Re: [PATCH v4 11/12] KVM: x86/svm/pmu: Add AMD PerfMonV2 support

From: Like Xu <like.xu.linux@gmail.com>
To: Sean Christopherson <seanjc@google.com>
Cc: Paolo Bonzini <pbonzini@redhat.com>,
	kvm@vger.kernel.org, linux-kernel@vger.kernel.org,
	Sandipan Das <sandipan.das@amd.com>
Subject: Re: [PATCH v4 11/12] KVM: x86/svm/pmu: Add AMD PerfMonV2 support
Date: Mon, 10 Apr 2023 19:34:12 +0800	[thread overview]
Message-ID: <dd7fa8c8-a141-d036-d3e2-826f90eb97a9@gmail.com> (raw)
In-Reply-To: <ZDAsaXvx85x+n71S@google.com>

On 7/4/2023 10:44 pm, Sean Christopherson wrote:
> On Fri, Apr 07, 2023, Like Xu wrote:
>> On 7/4/2023 9:35 am, Sean Christopherson wrote:
>>> On Tue, Feb 14, 2023, Like Xu wrote:
>>>> +	case MSR_AMD64_PERF_CNTR_GLOBAL_STATUS:
>>>> +		if (!msr_info->host_initiated)
>>>> +			return 0; /* Writes are ignored */
>>>
>>> Where is the "writes ignored" behavior documented?  I can't find anything in the
>>> APM that defines write behavior.
>>
>> KVM would follow the real hardware behavior once specifications stay silent
>> on details or secret.
> 
> So is that a "this isn't actually documented anywhere" answer?  It's not your
> responsibility to get AMD to document their CPUs, but I want to clearly document
> when KVM's behavior is based solely off of observed hardware behavior, versus an
> actual specification.

Indeed, you draw a clearer line than APM or PPR.

Spec-defined:

	RO: Read-only.

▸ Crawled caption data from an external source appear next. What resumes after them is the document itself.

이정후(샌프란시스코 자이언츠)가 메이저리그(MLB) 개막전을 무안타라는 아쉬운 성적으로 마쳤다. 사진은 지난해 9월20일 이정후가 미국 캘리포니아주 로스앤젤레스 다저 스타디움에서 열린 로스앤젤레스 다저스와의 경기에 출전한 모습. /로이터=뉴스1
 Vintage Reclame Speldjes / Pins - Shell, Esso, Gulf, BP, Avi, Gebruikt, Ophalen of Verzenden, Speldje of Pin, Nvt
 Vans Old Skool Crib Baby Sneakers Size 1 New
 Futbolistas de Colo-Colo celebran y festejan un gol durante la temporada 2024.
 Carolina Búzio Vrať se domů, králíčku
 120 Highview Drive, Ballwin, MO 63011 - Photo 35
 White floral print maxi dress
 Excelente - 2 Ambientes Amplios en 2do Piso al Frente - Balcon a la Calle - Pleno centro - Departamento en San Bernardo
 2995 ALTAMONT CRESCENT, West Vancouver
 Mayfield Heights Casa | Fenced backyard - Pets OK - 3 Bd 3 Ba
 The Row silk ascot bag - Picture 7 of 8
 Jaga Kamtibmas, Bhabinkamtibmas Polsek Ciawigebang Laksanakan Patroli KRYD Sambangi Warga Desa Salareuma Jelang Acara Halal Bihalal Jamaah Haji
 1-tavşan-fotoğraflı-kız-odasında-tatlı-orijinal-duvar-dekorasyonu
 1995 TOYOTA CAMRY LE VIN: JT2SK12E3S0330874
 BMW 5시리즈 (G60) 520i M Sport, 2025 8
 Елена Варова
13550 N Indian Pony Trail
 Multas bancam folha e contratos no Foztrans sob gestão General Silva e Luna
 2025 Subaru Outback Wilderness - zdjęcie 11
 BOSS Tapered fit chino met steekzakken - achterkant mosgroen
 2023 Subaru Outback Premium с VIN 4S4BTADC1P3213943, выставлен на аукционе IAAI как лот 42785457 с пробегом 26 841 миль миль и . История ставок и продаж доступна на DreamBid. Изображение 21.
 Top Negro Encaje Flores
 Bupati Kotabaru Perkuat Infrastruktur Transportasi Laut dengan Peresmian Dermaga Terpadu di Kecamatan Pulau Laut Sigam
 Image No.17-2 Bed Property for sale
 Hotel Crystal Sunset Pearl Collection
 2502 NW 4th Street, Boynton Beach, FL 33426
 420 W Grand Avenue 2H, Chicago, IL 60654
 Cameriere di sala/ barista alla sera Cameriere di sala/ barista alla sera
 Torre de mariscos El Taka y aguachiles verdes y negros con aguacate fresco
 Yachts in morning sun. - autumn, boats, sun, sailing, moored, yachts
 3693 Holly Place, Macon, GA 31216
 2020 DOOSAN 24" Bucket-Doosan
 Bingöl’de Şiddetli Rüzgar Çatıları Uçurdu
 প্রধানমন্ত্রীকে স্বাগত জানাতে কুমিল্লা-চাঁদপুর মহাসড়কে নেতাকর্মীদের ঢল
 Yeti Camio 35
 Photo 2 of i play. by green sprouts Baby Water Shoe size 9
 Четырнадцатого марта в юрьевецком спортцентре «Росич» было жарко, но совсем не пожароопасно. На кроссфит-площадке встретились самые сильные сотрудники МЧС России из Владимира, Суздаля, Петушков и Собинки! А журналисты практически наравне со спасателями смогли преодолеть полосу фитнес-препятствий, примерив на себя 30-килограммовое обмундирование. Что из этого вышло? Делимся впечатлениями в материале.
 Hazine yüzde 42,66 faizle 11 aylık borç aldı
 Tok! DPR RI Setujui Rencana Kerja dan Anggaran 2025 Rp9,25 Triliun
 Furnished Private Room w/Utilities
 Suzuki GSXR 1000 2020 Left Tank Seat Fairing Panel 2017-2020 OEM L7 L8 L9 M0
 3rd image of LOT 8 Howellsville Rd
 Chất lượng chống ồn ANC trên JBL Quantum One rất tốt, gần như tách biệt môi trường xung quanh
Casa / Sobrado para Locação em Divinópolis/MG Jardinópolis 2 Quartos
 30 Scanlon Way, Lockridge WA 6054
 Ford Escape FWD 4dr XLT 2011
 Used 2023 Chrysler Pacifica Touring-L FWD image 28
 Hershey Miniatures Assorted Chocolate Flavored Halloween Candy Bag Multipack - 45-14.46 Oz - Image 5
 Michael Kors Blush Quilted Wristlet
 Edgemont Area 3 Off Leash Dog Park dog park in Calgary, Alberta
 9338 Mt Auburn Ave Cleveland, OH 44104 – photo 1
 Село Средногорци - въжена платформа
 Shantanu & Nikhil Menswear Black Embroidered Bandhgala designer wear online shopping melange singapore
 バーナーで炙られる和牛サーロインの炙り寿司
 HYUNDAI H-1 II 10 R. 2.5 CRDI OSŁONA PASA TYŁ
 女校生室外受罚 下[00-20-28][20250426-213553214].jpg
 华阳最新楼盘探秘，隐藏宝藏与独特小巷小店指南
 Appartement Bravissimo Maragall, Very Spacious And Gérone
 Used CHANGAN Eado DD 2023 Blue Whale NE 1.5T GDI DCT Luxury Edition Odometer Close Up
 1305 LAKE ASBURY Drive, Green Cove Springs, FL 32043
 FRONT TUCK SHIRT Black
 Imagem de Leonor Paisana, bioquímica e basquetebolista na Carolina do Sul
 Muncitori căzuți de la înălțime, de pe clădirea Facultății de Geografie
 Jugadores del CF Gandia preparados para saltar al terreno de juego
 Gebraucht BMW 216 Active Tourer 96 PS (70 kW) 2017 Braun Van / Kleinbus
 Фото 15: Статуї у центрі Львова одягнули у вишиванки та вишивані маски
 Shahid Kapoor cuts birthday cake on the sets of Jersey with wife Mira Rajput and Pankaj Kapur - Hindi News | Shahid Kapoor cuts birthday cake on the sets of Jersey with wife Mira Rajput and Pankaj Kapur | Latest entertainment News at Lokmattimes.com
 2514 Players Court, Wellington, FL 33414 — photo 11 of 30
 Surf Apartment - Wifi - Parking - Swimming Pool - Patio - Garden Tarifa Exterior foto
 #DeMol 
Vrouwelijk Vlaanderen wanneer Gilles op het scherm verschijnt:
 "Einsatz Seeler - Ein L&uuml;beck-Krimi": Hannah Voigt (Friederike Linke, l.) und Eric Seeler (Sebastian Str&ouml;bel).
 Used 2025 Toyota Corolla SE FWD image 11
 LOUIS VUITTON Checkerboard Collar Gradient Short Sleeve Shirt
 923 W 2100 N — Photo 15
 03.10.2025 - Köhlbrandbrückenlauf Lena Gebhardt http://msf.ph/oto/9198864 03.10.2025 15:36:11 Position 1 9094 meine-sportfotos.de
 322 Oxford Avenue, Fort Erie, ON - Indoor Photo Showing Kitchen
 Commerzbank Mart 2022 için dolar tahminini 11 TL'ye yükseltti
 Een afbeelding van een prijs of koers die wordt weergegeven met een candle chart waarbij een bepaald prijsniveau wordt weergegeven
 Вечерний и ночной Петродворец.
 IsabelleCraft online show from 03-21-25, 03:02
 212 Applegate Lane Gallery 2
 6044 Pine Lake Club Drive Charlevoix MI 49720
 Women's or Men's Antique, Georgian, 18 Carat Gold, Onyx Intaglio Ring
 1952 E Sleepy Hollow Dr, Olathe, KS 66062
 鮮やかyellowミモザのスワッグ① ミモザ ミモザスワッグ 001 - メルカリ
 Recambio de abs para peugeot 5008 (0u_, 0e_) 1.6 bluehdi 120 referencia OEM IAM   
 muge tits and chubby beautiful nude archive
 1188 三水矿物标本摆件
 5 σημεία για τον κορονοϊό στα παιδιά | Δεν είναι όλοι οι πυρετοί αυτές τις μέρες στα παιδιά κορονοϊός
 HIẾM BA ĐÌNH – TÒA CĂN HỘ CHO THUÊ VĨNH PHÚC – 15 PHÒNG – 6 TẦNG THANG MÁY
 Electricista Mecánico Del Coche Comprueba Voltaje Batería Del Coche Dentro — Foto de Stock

Readable; writes are ignored (Per PPR "AccessType Definitions")
	WO: Writable. Reads are undefined. (Per PPR "AccessType Definitions")

And vPMU will refer to real HW observations for the (hidden) undefined behaviour.
More comments in the new version may help. Please check.

> 
>> How about this:
>>
>> 	/*
>> 	 * Note, AMD ignores writes to reserved bits and read-only PMU MSRs,
>> 	 * whereas Intel generates #GP on attempts to write reserved/RO MSRs.
>> 	 */
> 
> Looks good.
> 
>>>> +		pmu->nr_arch_gp_counters = min_t(unsigned int,
>>>> +						 ebx.split.num_core_pmc,
>>>> +						 kvm_pmu_cap.num_counters_gp);
>>>> +	} else if (guest_cpuid_has(vcpu, X86_FEATURE_PERFCTR_CORE)) {
>>>>    		pmu->nr_arch_gp_counters = AMD64_NUM_COUNTERS_CORE;
>>>
>>> This needs to be sanitized, no?  E.g. if KVM only has access to 4 counters, but
>>> userspace sets X86_FEATURE_PERFCTR_CORE anyways.  Hrm, unless I'm missing something,
>>> that's a pre-existing bug.
>>
>> Now your point is that if a user space more capbility than KVM can support,
>> KVM should constrain it.
>> Your previous preference was that the user space can set capbilities that
>> evene if KVM doesn't support as long as it doesn't break KVM and host and the
>> guest will eat its own.
> 
> Letting userspace define a "bad" configuration is perfectly ok, but KVM needs to
> be careful not to endanger itself by consuming the bad state.  A good example is
> the handling of nested SVM features in svm_vcpu_after_set_cpuid().  KVM lets
> userspace define anything and everything, but KVM only actually tries to utilize
> a feature if the feature is actually supported in hardware.
> 
> In this case, it's not clear to me that putting a bogus value into "nr_arch_gp_counters"
> is safe (for KVM).  And AIUI, the guest can't actually use more than
> kvm_pmu_cap.num_counters_gp counters, i.e. KVM isn't arbitrarily restricting the
> setup.

AFAI,  when a guest has more counters (N) than the host (M), and they are all 
enabled,
thus KVM will create an equal number (N) of perf_events, and these events will 
occupy
real hardware counters (M) in the host perf scheduler subsystem in a round robin 
way.

 From the point of view of a vCPU, its virtual counters can only occupy the hardware
part of the time slice to count for guest payload, which affects the accuracy. 
However,
from the host security point of view, too many counters will only result in too many
perf_events created by KVM, which is a normal usage for the perf subsystem, called
perf counter multiplexing. It seems to be safe (using perf API for KVM).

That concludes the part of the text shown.